◆ **ACTIVITY**
Look through the entries below for the line with "Клавиатура logitech wireless" and the line with "Jeu tapis voiture 974", then give again exactly those two lines and all lines between them, minus the pictures.

************

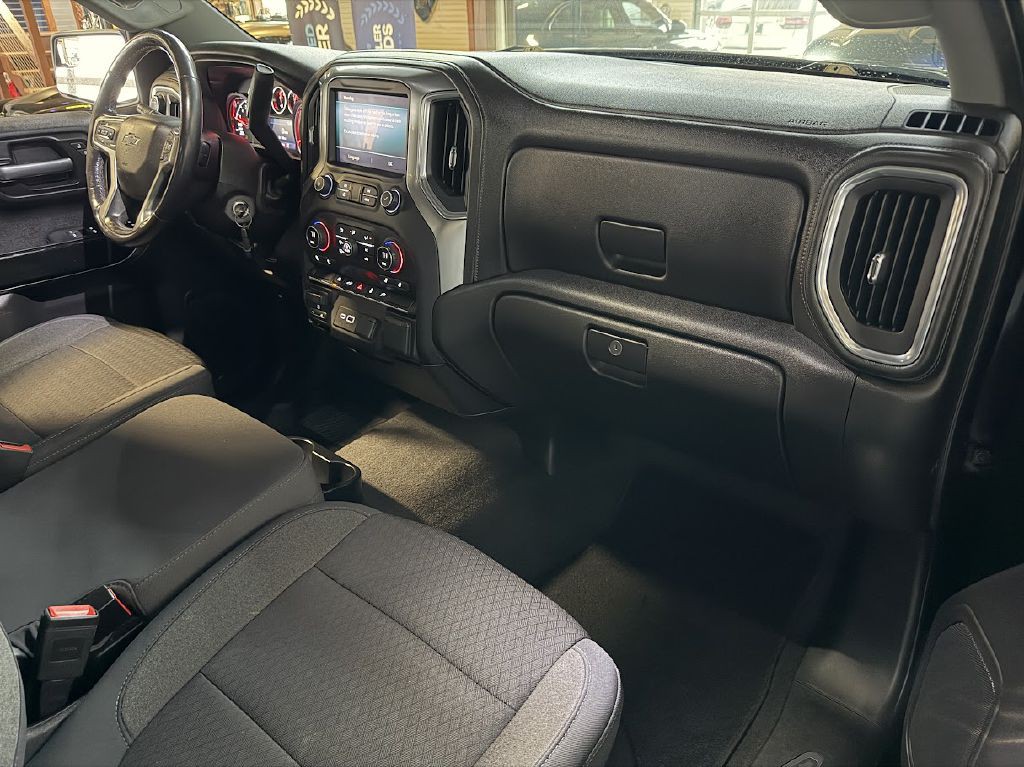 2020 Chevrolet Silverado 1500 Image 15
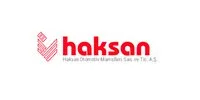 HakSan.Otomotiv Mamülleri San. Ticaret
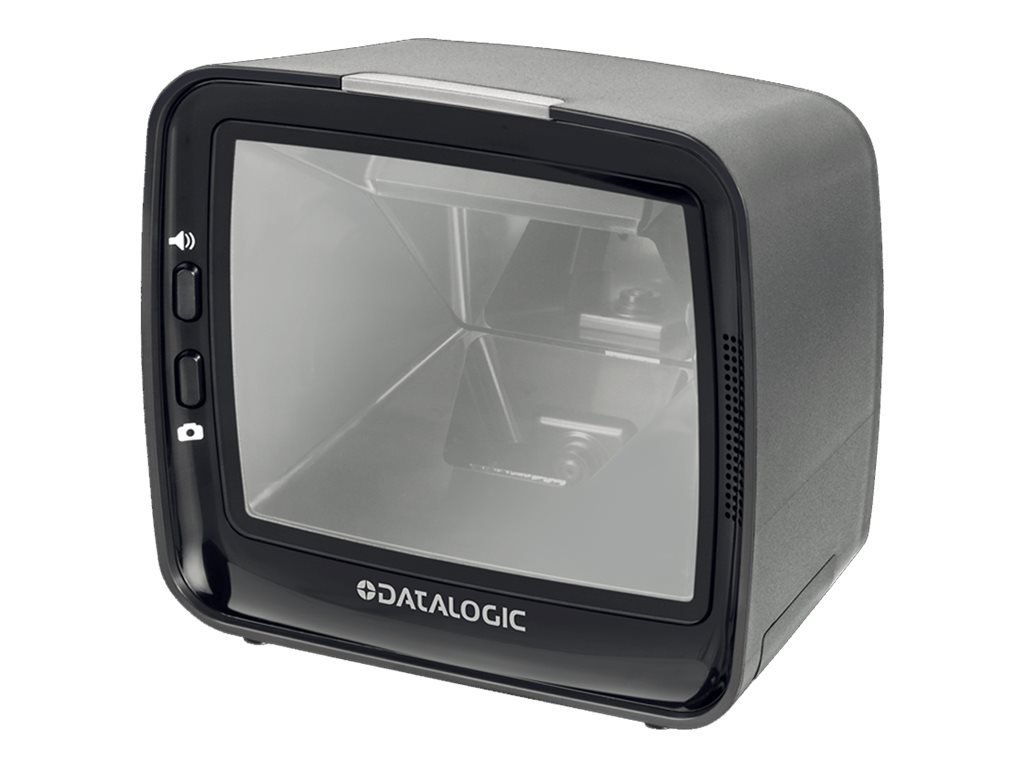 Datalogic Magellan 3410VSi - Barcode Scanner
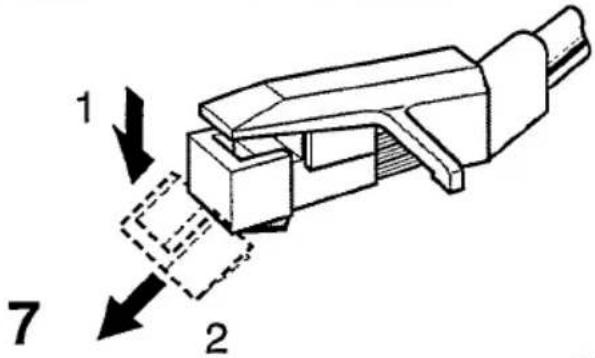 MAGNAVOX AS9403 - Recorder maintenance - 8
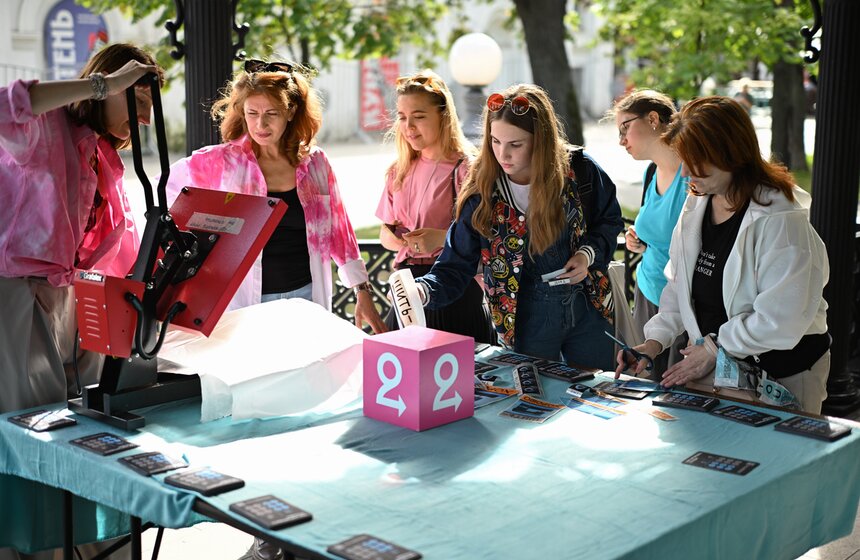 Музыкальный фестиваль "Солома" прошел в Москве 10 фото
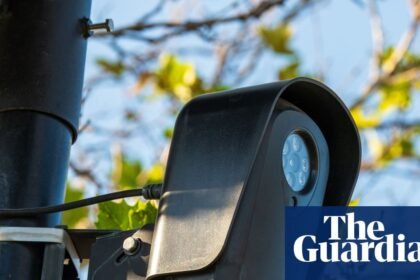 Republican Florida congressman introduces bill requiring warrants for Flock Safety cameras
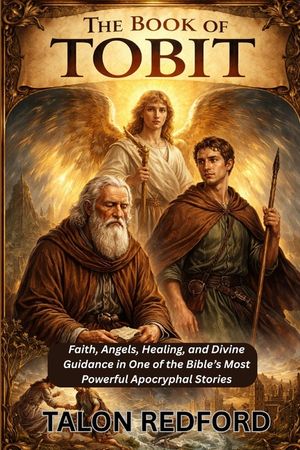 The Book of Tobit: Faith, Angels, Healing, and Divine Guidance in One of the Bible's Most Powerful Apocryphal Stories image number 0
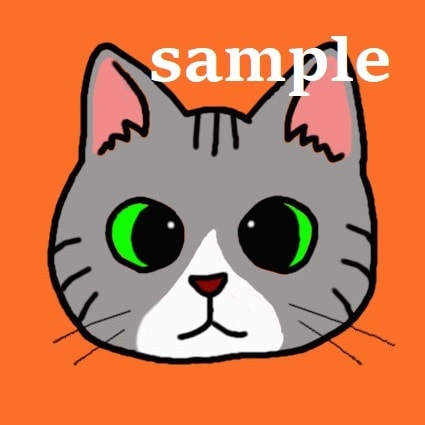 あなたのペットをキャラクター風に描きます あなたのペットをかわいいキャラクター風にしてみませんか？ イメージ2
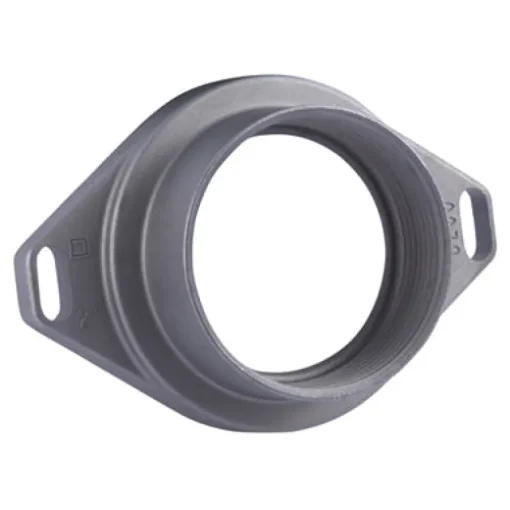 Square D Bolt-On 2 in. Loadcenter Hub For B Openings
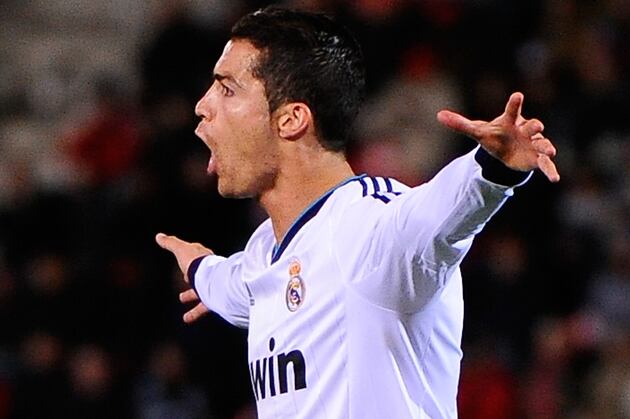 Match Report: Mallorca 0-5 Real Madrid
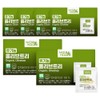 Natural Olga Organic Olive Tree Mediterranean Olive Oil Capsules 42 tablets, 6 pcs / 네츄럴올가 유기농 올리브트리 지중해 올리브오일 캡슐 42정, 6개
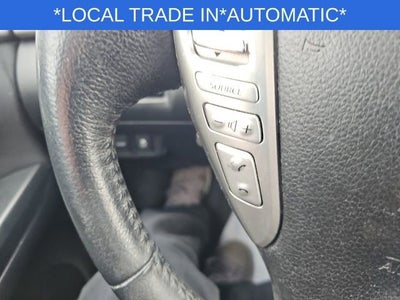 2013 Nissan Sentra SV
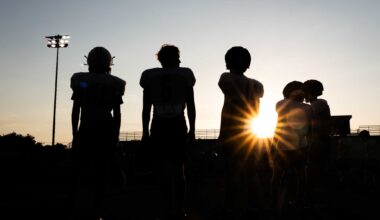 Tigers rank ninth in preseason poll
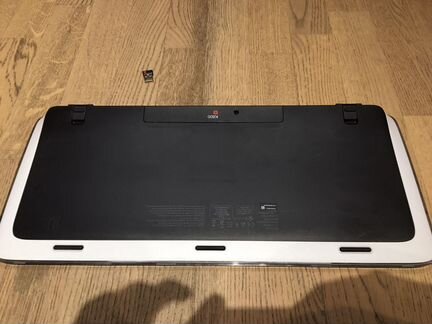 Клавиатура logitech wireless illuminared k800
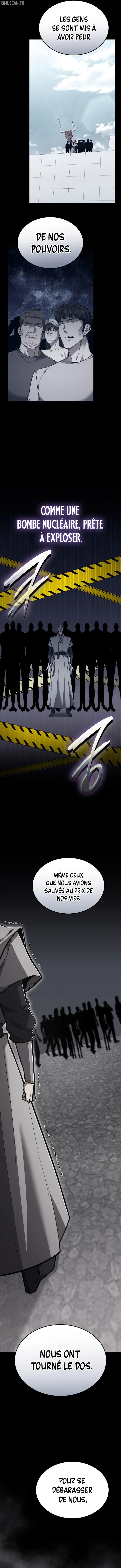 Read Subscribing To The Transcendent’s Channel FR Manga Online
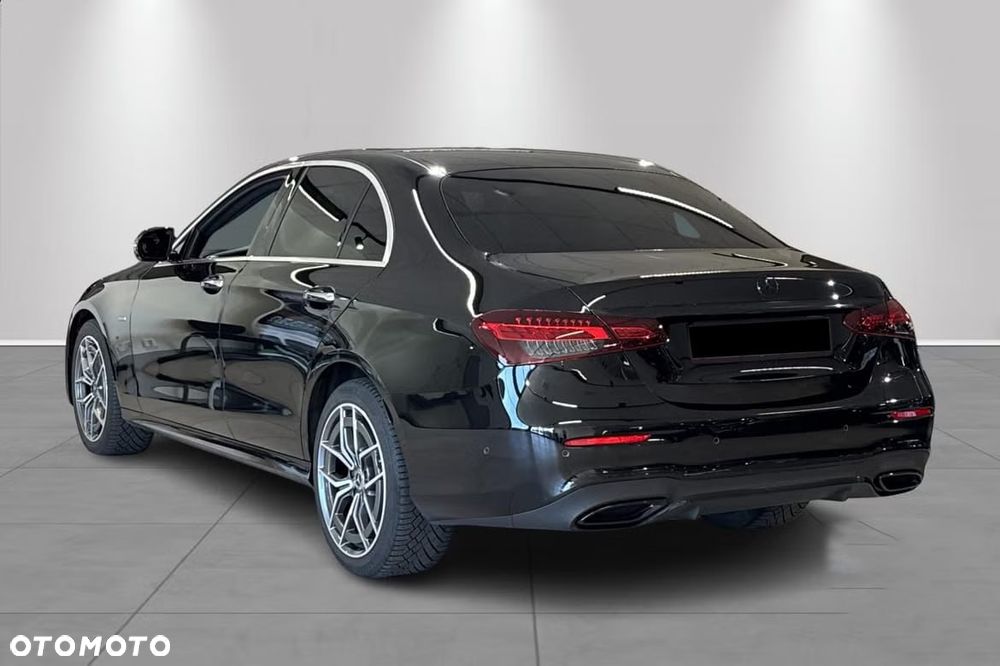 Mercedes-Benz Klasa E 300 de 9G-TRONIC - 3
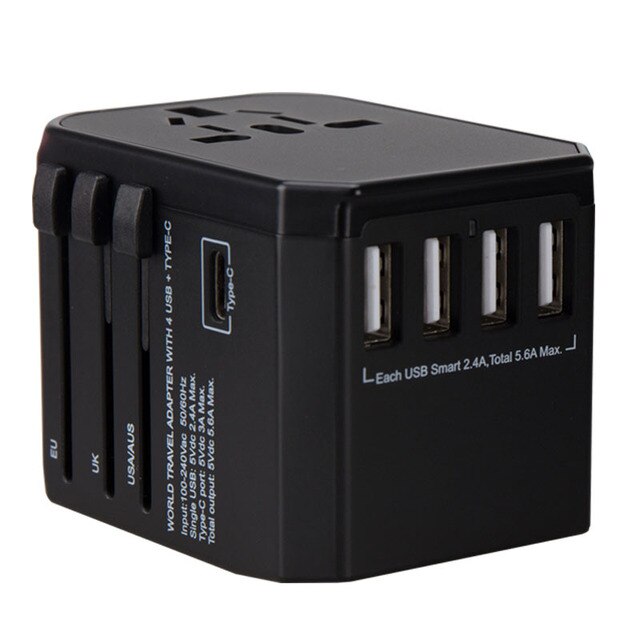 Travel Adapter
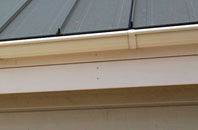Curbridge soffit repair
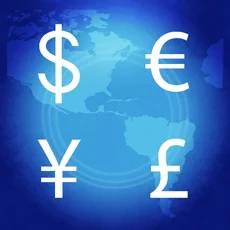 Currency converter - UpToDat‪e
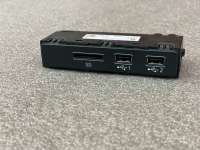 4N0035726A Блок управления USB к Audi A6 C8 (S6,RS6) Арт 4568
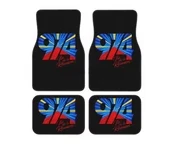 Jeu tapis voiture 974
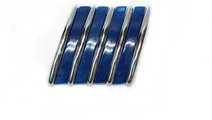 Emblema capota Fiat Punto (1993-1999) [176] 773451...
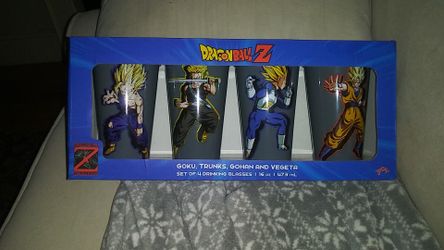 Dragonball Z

************

◆ **RESPONSE AREA**
 Клавиатура logitech wireless illuminared k800
 Read Subscribing To The Transcendent’s Channel FR Manga Online
 Mercedes-Benz Klasa E 300 de 9G-TRONIC - 3
 Travel Adapter
Curbridge soffit repair
 Currency converter - UpToDat‪e
 4N0035726A Блок управления USB к Audi A6 C8 (S6,RS6) Арт 4568
 Jeu tapis voiture 974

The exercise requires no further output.